«Dall’età di 6 anni mi sento prigioniera di un corpo che non è il mio». Il tribunale le dà ragione e l’anagrafe si adeguerà
TREVISO. «Dopo tanti anni di sofferenza, ora posso dire di sentirmi realizzata come persona». È commossa Claudia, 45 anni, residente in un comune della Marca, all’indomani della sentenza della prima sezione civile del tribunale di Treviso con la quale le viene riconosciuto il diritto di modificare il nome e il sesso all’anagrafe prima ancora di sottoporsi ad alcun intervento chirurgico per adeguare i caratteri sessuali da maschili a femminili. Assistita dall’avvocato Silvia Berta, Claudia è riuscita a vincere una lunga battaglia che ha ingaggiato prima con sè stessa, da quando all’età di 6 anni s’era accorta di essere nata “in un corpo che non era il mio”, e poi con la diffidenza di chi le stava attorno, dai familiari, ai compagni di scuola e agli amici. I giudici trevigiani (presidente Daniela Ronzani a latere Laura Ceccon e Clarice Di Tullio), con la sentenza depositata pochi giorni fa, le hanno riconosciuto il diritto di cambiare il suo nome originario Giuseppe (nome di fantasia, ndr) in quello di Claudia senza la necessità di completare le cure ormonali, a cui si sta sottoponendo, e andare in sala operatoria.

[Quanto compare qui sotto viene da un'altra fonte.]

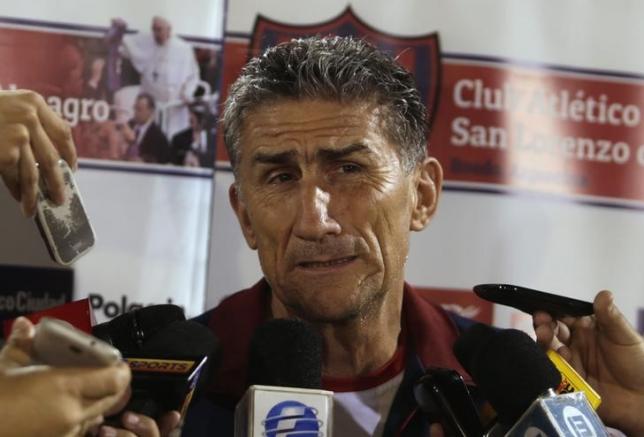 Coach Edgardo Bauza of Argentina's San Lorenzo speaks to members of the media after a training session at the Defensores del Chaco stadium in Asuncion August 5, 2014. REUTERS/Jorge Adorno/Files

La sentenza di Treviso, come quella di altri tribunali italiani, si richiama alla pronuncia della Corte Costituzionale 221 del 2015, che ha dichiarato non fondata la questione di legittimità costituzionale della legge 164 del 1982 che, fino a pochi mesi fa, prevedeva il cambiamento solo “a seguito di intervenute modificazioni dei caratteri sessuali”. Modificazioni finora intese dai giudici come, appunto, il cambio di sesso in sala operatoria. Rispetto ad altri tribunali, inoltre, quello di Treviso ha ritenuto superfluo disporre qualsiasi perizia, ritenendo sufficiente il certificato medico rilasciato da una struttura pubblica che attesta che Claudia, “che riferisce sin dalla prima infanzia un’identificazione con il genere femminile, rimasta costante nel tempo, presenta una Disfonia di Genere Primaria, non secondaria a psicopatologia”.
Per il tribunale di Treviso, Claudia «ha iniziato l’assunzione di terapia ormonale femminilizzante e, a seguito di tale terapia, si è già verificata la modifica dei caratteri sessuali secondari, avendo assunto egli anche esteriormente sembianze femminili e venendo ormai identificato nelle relazioni interpersonali con il nome femminile di Claudia. La rettificazione chirurgica sessuale andro-ginoide costituisce dunque l’ultimo intervento indispensabile per consentire» a Claudia «che rappresenta tale esigenza, di superare il conflitto fra i connotati fisici e gli aspetti individualizzanti di ordine psichico sessuale e pertanto per raggiungere un pieno equilibrio e benessere psicofisico».
Ora Claudia, sentenza del tribunale di Treviso alla mano, potrà andare nel suo Comune di residenza e notificare all’ufficiale di stato civile la decisione dei giudici. «Corono il mio sogno: ora mi sento davvero realizzata».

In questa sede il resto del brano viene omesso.